Crystal structure of osimertinib mesylate Form B (Tagrisso), (C28H34N7O2)(CH3O3S)

• Published in: Powder diffraction Vol. 36; no. 4; pp. 282 - 290
• Main Authors: Kaduk, James A., Boaz, Nicholas C., Markun, Emma L., Gindhart, Amy M., Blanton, Thomas N.
• Format: Journal Article
• Language: English
• Published: New York, USA Cambridge University Press 01.12.2021
• Subjects: Anions; Cations; Crystal structure; Diffraction patterns; Hydrogen bonds; New Diffraction Data; Nitrogen; Pharmaceuticals; Synchrotron radiation; Synchrotrons; X ray powder diffraction; United States > US; Rietveld refinement; Tagrisso; osimertinib mesylate; density functional theory; powder diffraction
• ISSN: 0885-7156; 1945-7413
• DOI: 10.1017/S0885715621000555

The crystal structure of osimertinib mesylate Form B has been solved and refined using synchrotron X-ray powder diffraction data and optimized using density functional techniques. Osimertinib mesylate Form B crystallizes in space group P-1 (#2) with a = 11.42912(17), b = 11.72274(24), c = 13.32213(22) Å, α = 69.0265(5), β = 74.5914(4), γ = 66.4007(4)°, V = 1511.557(12) Å3, and Z = 2. The crystal structure is characterized by alternating layers of cation–anion and parallel stacking interactions parallel to the ab-planes.

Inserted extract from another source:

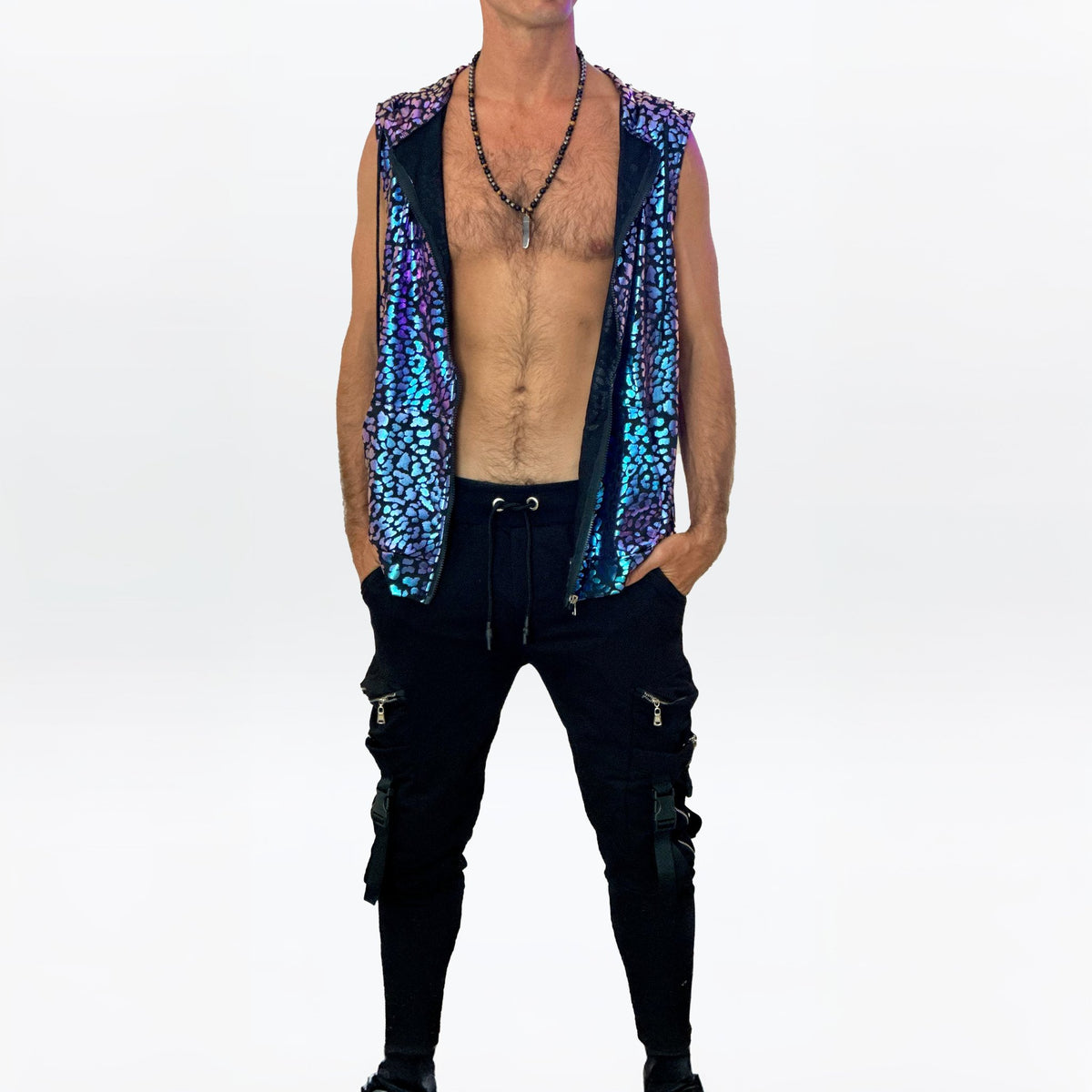 Trey Duo Chrome Hooded Vest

The cation is protonated at the nitrogen atom of the dimethylamino group, which forms a strong hydrogen bond between the cation and the anion. That hydrogen atom also participates in a weaker intramolecular hydrogen bond to an amino nitrogen. There are two additional N–H⋅⋅⋅O hydrogen bonds between the cation and the anion. Several C–H⋅⋅⋅O hydrogen bonds also link the cations and anions. The powder pattern has been submitted to ICDD® for inclusion in the Powder Diffraction File™.